De récentes études ont montré les capacités d’optimisation de la performance énergétique des bâtiments munis de toitures végétales. En hiver, on observe des déperditions moindres de températures par rapport aux toits bitumeux. En été, ces techniques permettent une amélioration de la performance énergétique des bâtiments engendrant une réduction considérable du recours à la climatisation.
Par ailleurs, les végétaux sont aussi de très bons isolants sonores. Ils absorbent les sons violents alors que les surfaces bitumées ou les bâtiments les réfléchissent et les amplifient. La pose de gazon sur les plateformes de tramways en est l’exemple le plus courant.
Encourageons cette excellente pratique architecturale ! Encourager ne veut bien évidemment pas dire contraindre. S’il faut l’inscrire dans la loi, c’est tout simplement pour des raisons culturelles. En effet, ces techniques de pointe sont tout à fait marginales dans notre pays, voire considérées comme « extraterrestres », alors qu’elles sont largement répandues en Suisse et en Allemagne, pays vertueux en matière d’environnement.
Je le rappelle, nous rédigeons un texte qui doit fixer un cap !

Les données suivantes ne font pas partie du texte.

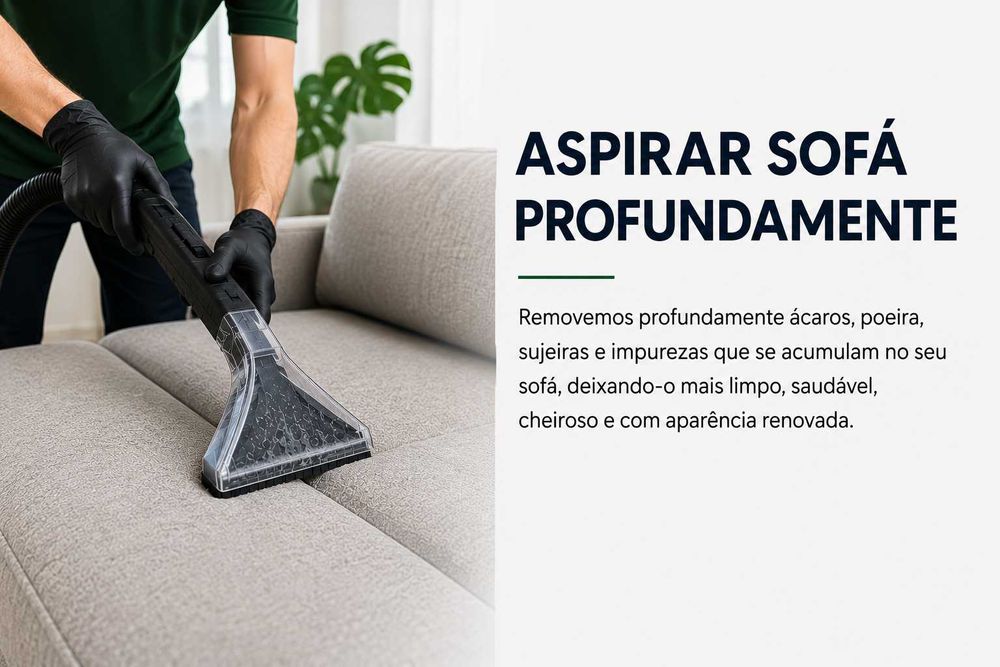 Limpezas domesticas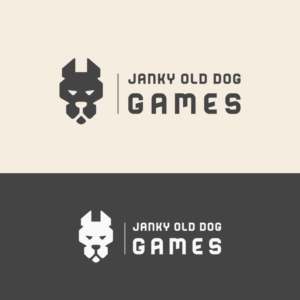 Logo Design by taha.h.e for Janky Old Dog Studio | Design: #26734103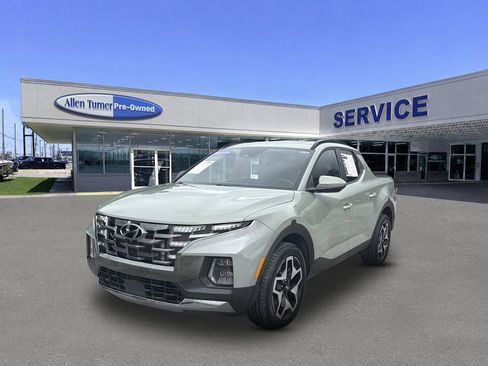 Certified 2023 Hyundai Santa Cruz Limited AWD/4WD image 4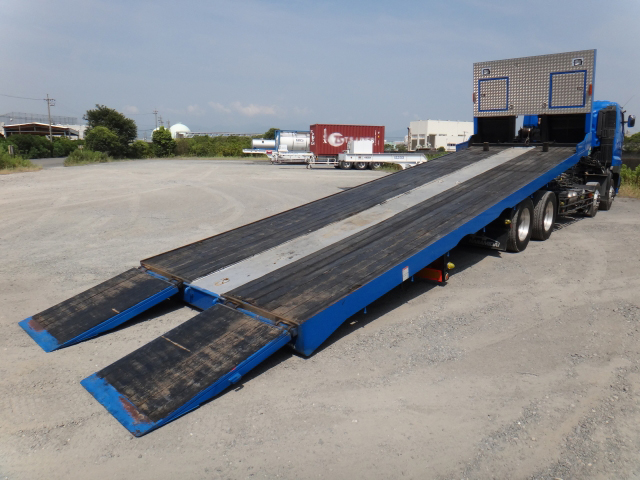 日野プロフィアセーフティローダー大型（10t）[写真02]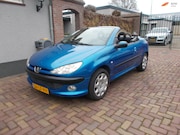 Peugeot 206 - 1.6-16V bj 2003 apk 4-2027 nette auto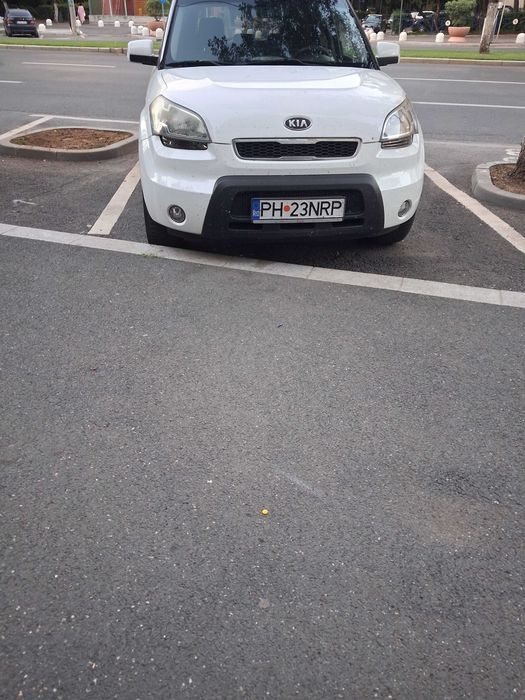 Vand schimb kia soul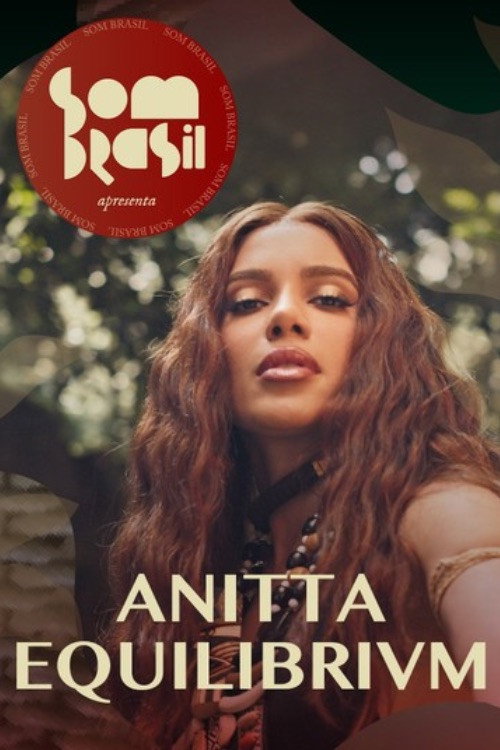 Movie poster for Som Brasil apresenta: Anitta (2026)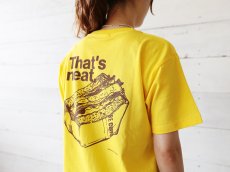 画像10: 送料無料≪オリジナルTシャツ≫【SQUARE COFFEE STAND T-SHIRT/2カラー/単品】 (10)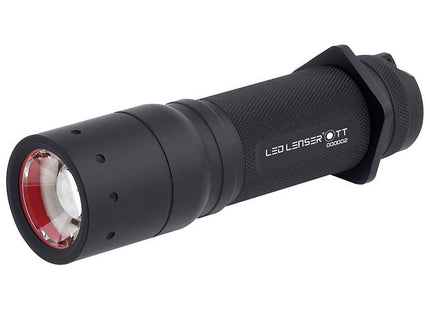 Ledlenser PTT Police Tac Torch LED (Gift Box) Ledlenser - RockBottom Northampton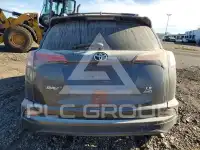 2017 Toyota RAV4 фото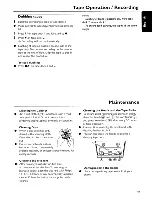 Preview for 23 page of Magnavox MAS-100 User Manual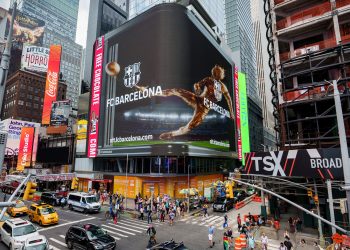 FC Barcelona's first official NFT sold for $ 693,000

Mme la présidente. L'amendement n° 293, présenté par M. Muller, Mmes Blandin, Boumediene-Thiery et Voynet et M. Desessard, est ainsi libellé :
Après le premier alinéa du IV du texte proposé par le 2° du I de cet article pour l'article L. 122-1-5 du code de l'urbanisme, insérer un alinéa ainsi rédigé :
« Il peut fixer des objectifs à atteindre en matière de maintien ou de création d'espaces verts dans les zones faisant l'objet d'une ouverture à l'urbanisation.
La parole est à M. Jacques Muller.
M. Jacques Muller. Le SCOT doit pouvoir être un véritable instrument de préservation des espaces verts lors de l’ouverture d’une zone à l’urbanisation.
Dans une logique de continuité écologique, cet amendement tend à pouvoir fixer, au niveau d’un territoire vaste, des objectifs en matière d’espaces verts pour que le passage d’une zone non urbanisée à une zone urbanisée ne soit pas synonyme de destruction du paysage naturel, forestier ou agricole qui existait antérieurement.
En effet, les végétaux en milieu urbain apportent de nombreuses contributions à l’amélioration de l’environnement tant en termes de qualité de l’air, grâce à leur capacité à fixer les particules fines et à humidifier l’air, qu’en termes d’introduction et de préservation de la biodiversité en ville, ou encore en termes de santé publique grâce à l’action positive du végétal sur la santé physique et psychique des individus. Des études ont ainsi montré que l’accès à un lieu végétalisé induit directement un rééquilibrage du rythme cardiaque et de la tension artérielle et diminue le stress. Le jardin du Luxembourg est ainsi un lieu de ressourcement que nous savons apprécier. (Sourires.)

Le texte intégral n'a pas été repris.